- [Task objective]: An acceptable answer repeats exactly the line containing "定柄钻头整体合金钻 大柄钨钢钻头 3柄4柄麻花钻头0.15-4铝用钢用" and all lines that follow it in the listing below, and it includes no pictures.

- [Data block]:
*** Begin section ***
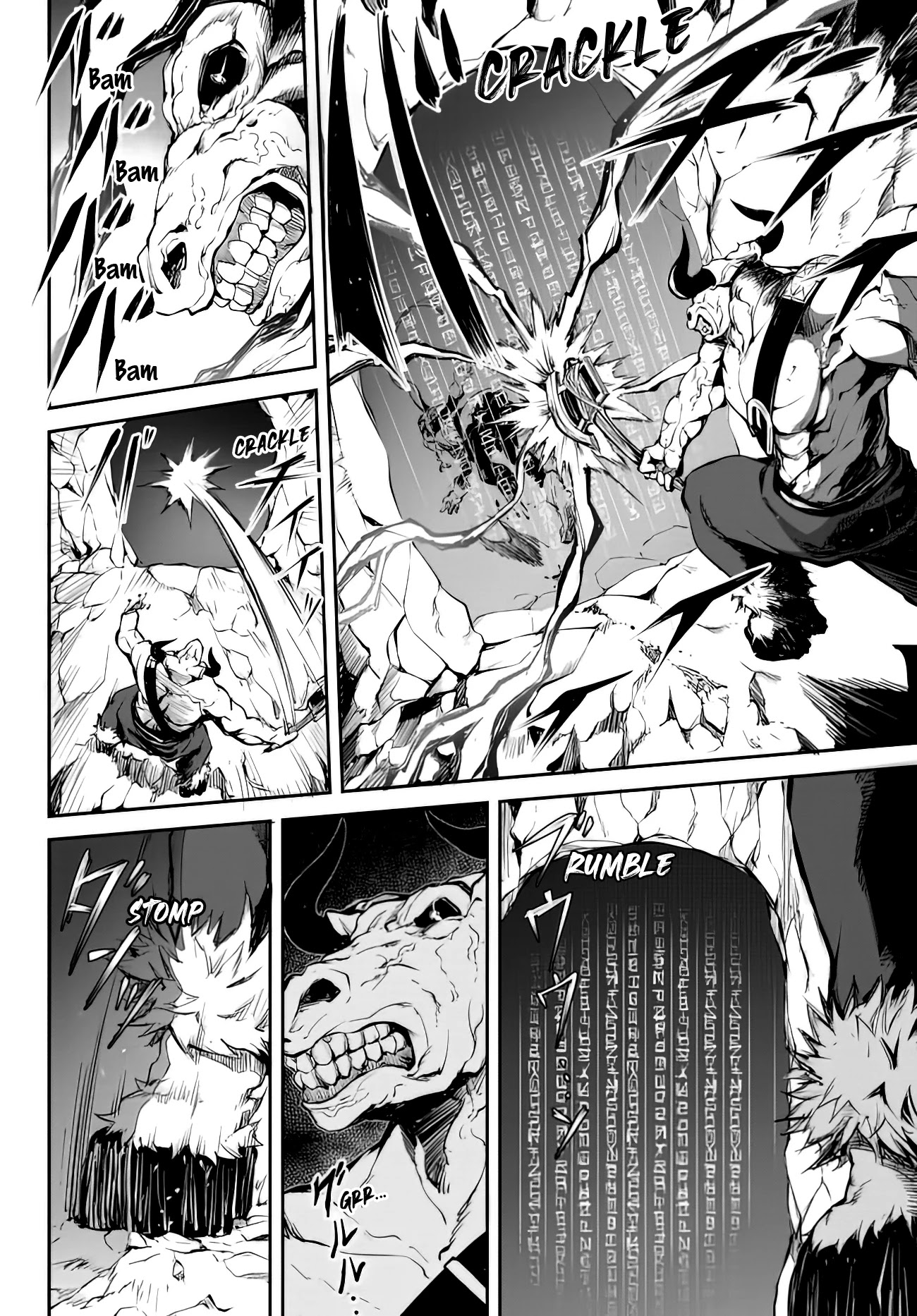 King of the Labyrinth Chapter 1.2 page 3 - Chapter 1.2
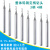定柄钻头整体合金钻 大柄钨钢钻头 3柄4柄麻花钻头0.15-4铝用钢用 铝用3*3柄*40L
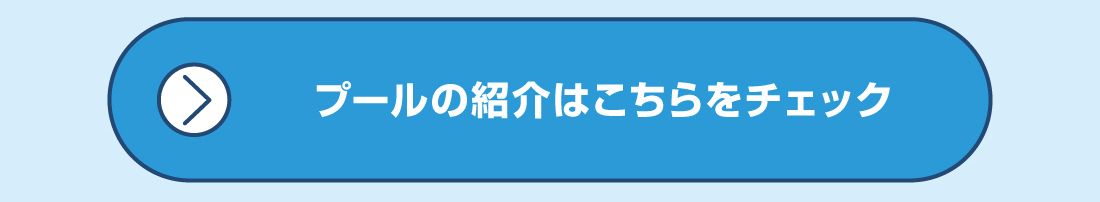 プールの紹介はこちらをチェック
*** End section ***
- [Solution for this task]:
定柄钻头整体合金钻 大柄钨钢钻头 3柄4柄麻花钻头0.15-4铝用钢用 铝用3*3柄*40L
 プールの紹介はこちらをチェック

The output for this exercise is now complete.